### THE TASK:
Exactly as written, retype the lines that run from the line holding "Alienwork Fútbol Niños" through the end of the records below. Do not include pictures.

### SOURCE RECORDS:
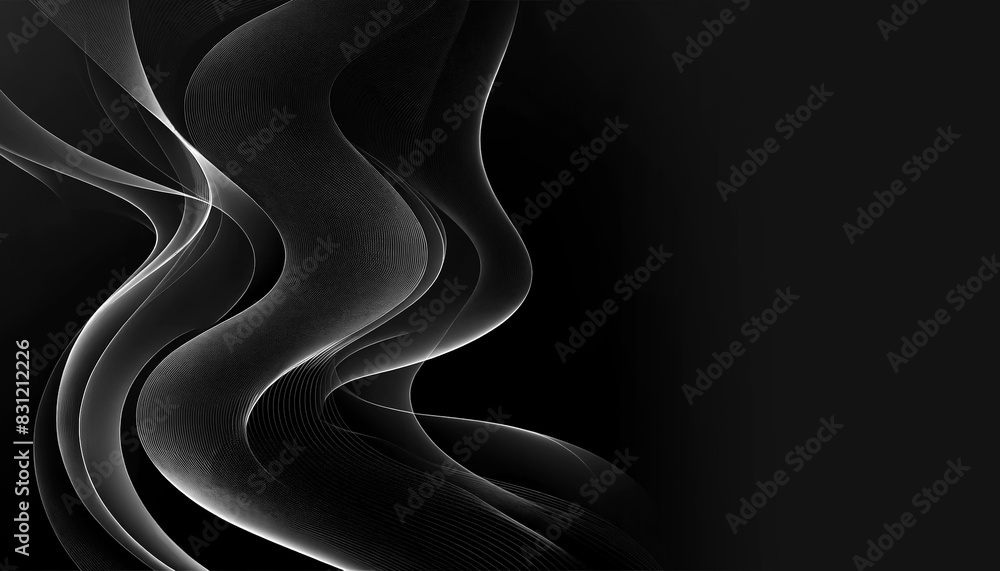 Poster black abstract background for presentations 5 with thin lines in the form of waves on the right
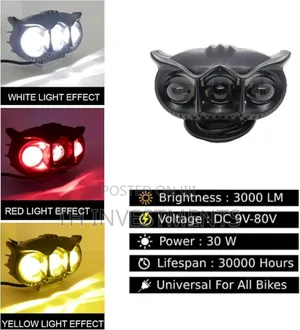 Owl Universal Bike Fog Light, 30w, Yellow/White and Red Devil Eye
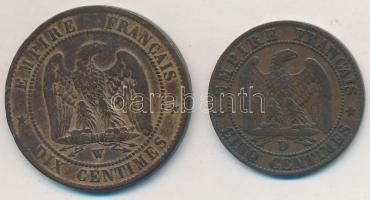Franciaország / Második Császárság 1855D 5c Br + 1856W 10c Br "III. Napóleon" T:2-
France...
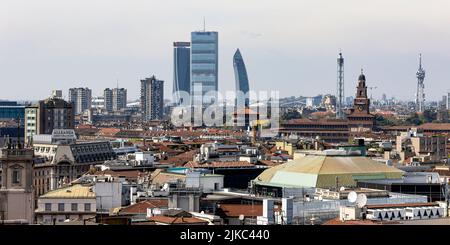 MILAN, ITALY, April 7, 2022 - View of Milan (Milano) skyline, Italy Stock Photo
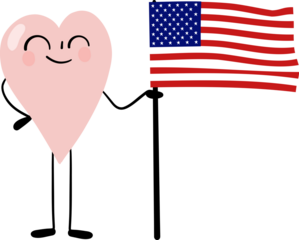 Heart character with USA Flag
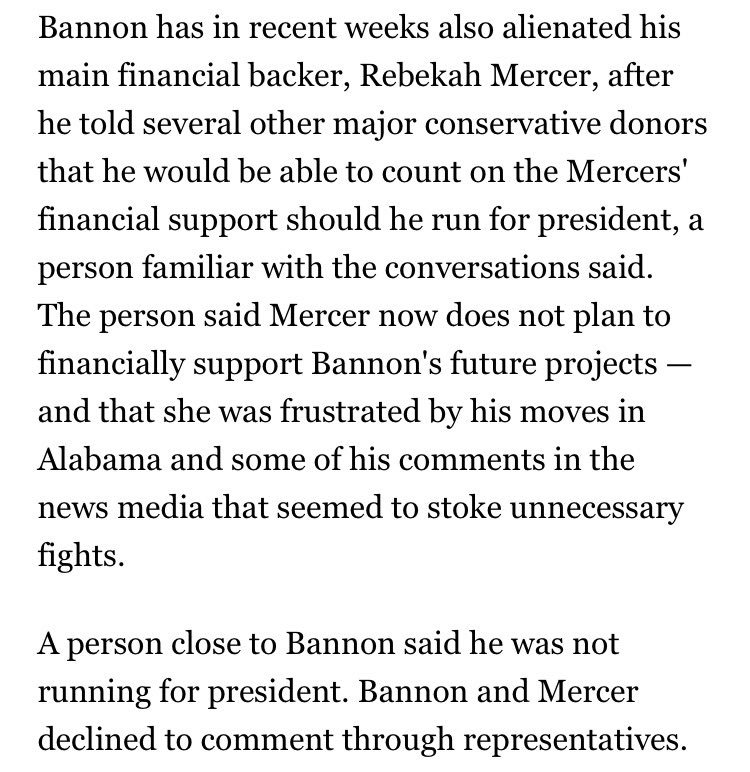 AshleyRParker's tweet photo. MERCERS OUT: Bannon's recent behavior has lost him the financial backing of a major patron and supporter of his projects — Rebekah Mercer. @jdawsey1, @PostRoz and I report. https://t.co/HF4Fl4eDwB https://t.co/Zh6KDSCJut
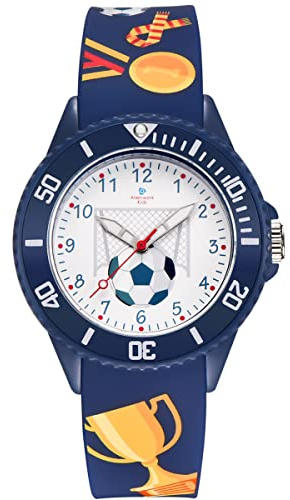 Alienwork Fútbol Niños Reloj de Aprendizaje Infantil Niño Niña Azul Marino Pulsera de Silicona Blanco niños Impermeable 5 ATM Tiempo de Aprender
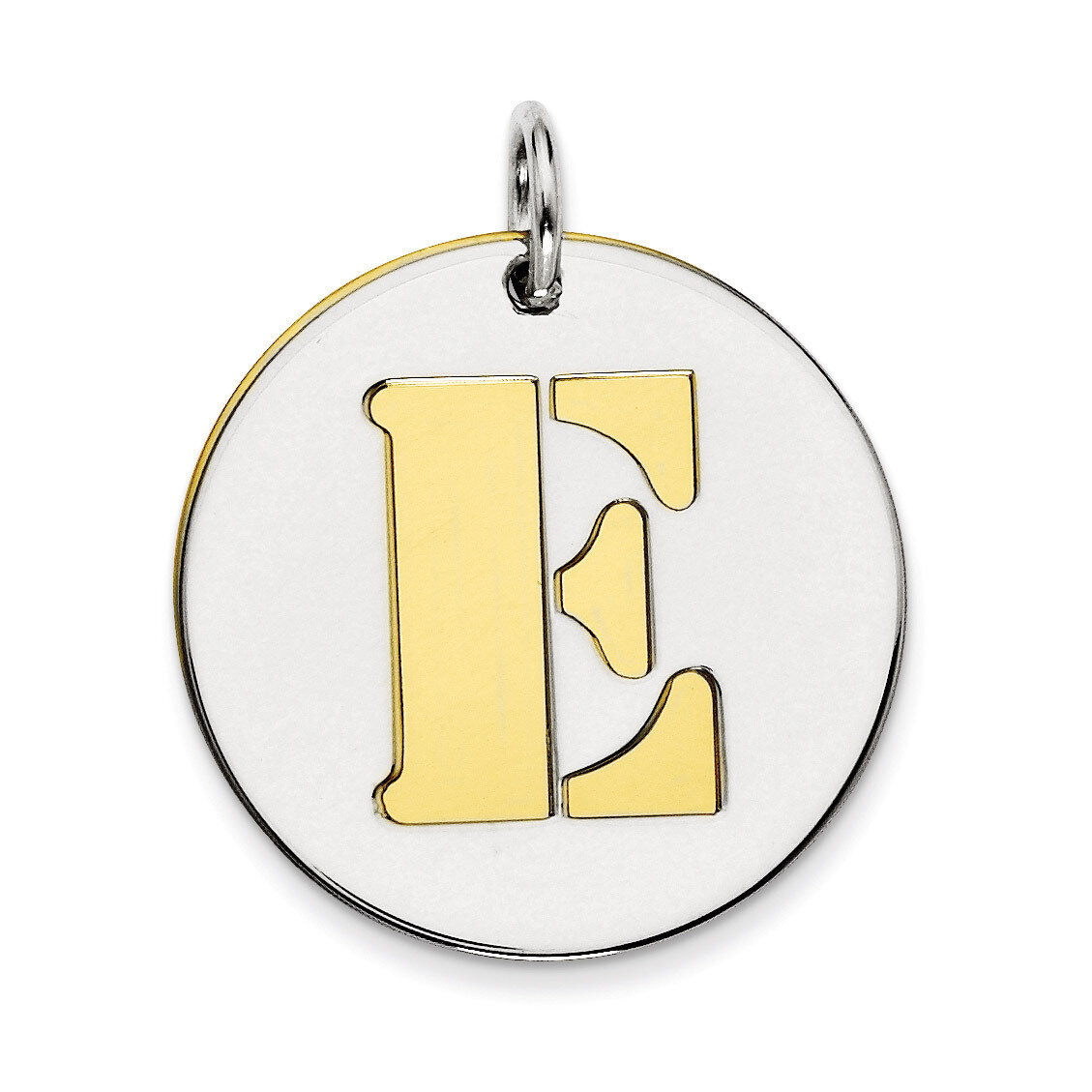 Initial E Double Plate Round Charm Sterling Silver QC7910E, MPN: QC7910E,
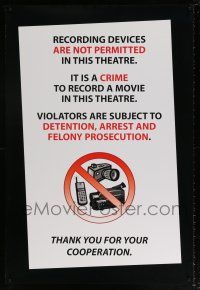5k628 RECORDING DEVICES ARE NOT PERMITTED IN THIS THEATRE DS 1sh '90s recording movies is a crime!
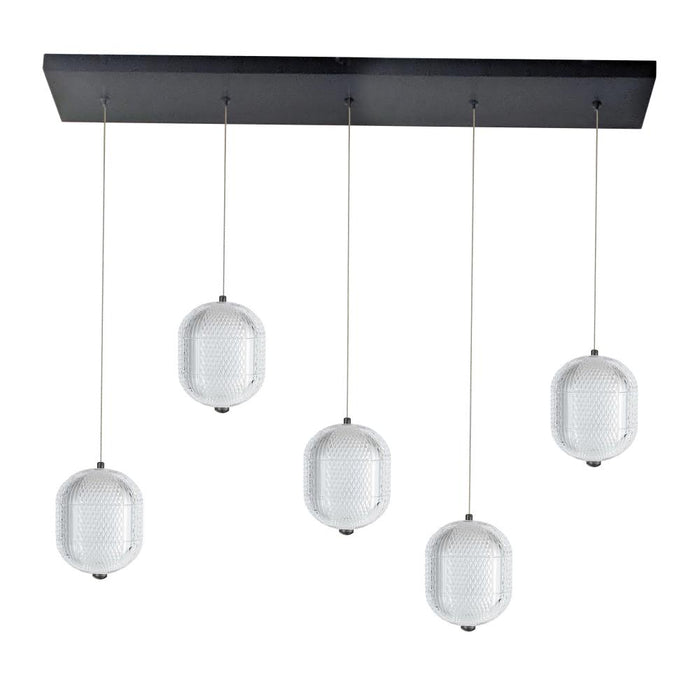 30w Horiz Pendant, Mb W/ Clr Pattern Acrylic | PRI-3230LEDHP-MB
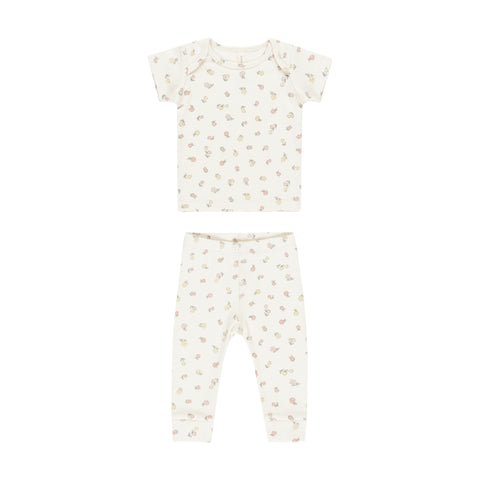 Ribbed Short Sleeve Tee + Legging Set - Fleur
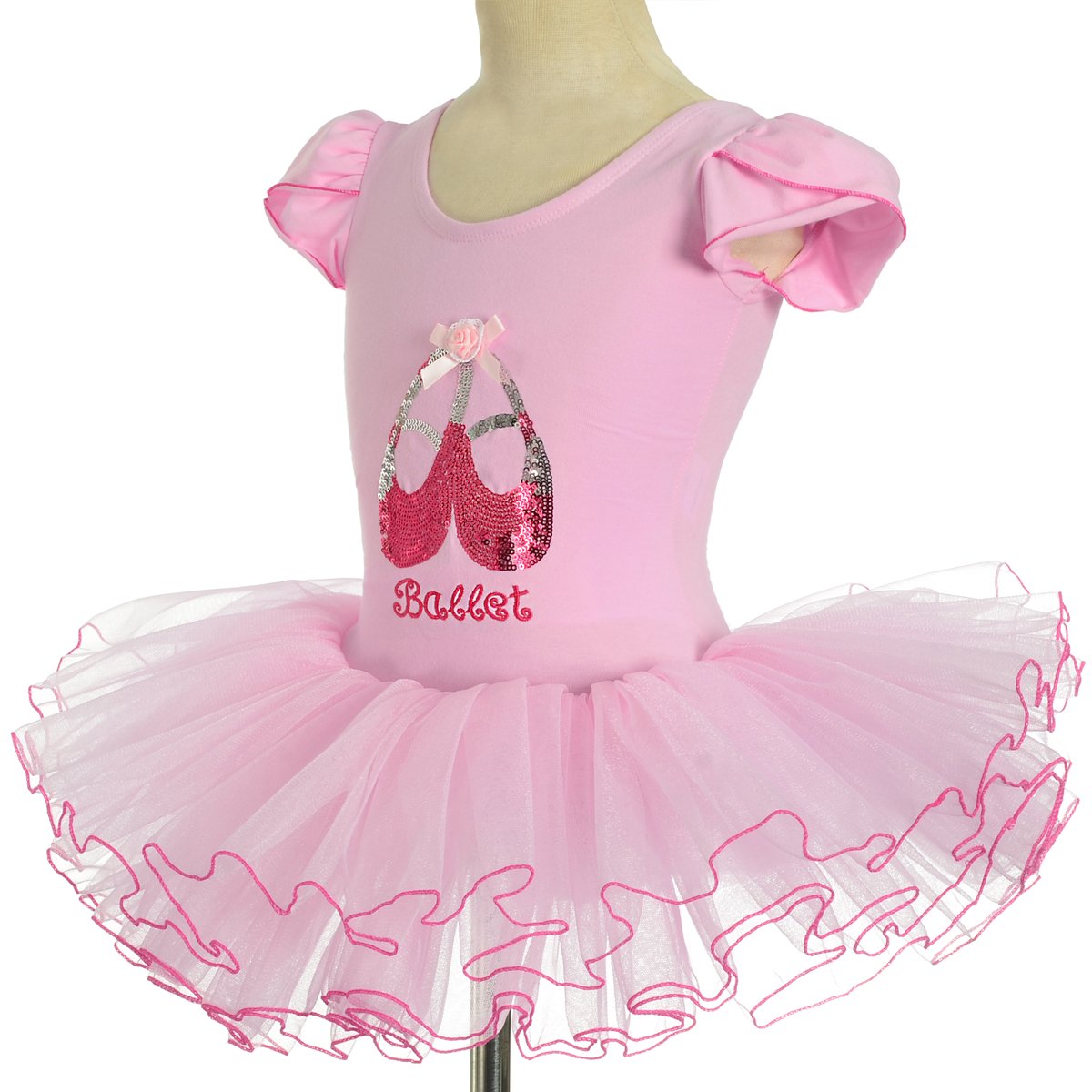 Lito Angels Little Girls Sequined Ballerina Shoe Ballet Tutus Dancewear Costume Size 5-6 Pink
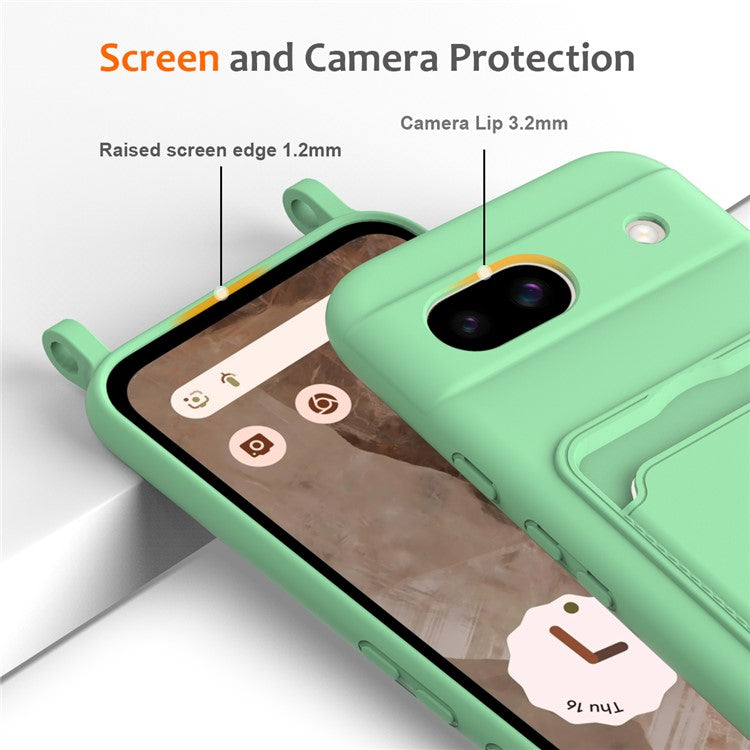 For Google Pixel 8a Case Liquid Silicone Card Holder Phone Back Cover with Lanyard - Green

### SOLUTION TO THIS TASK:
 Alienwork Fútbol Niños Reloj de Aprendizaje Infantil Niño Niña Azul Marino Pulsera de Silicona Blanco niños Impermeable 5 ATM Tiempo de Aprender
 Initial E Double Plate Round Charm Sterling Silver QC7910E, MPN: QC7910E,
5k628 RECORDING DEVICES ARE NOT PERMITTED IN THIS THEATRE DS 1sh '90s recording movies is a crime!
 30w Horiz Pendant, Mb W/ Clr Pattern Acrylic | PRI-3230LEDHP-MB
 Ribbed Short Sleeve Tee + Legging Set - Fleur
 Lito Angels Little Girls Sequined Ballerina Shoe Ballet Tutus Dancewear Costume Size 5-6 Pink
 For Google Pixel 8a Case Liquid Silicone Card Holder Phone Back Cover with Lanyard - Green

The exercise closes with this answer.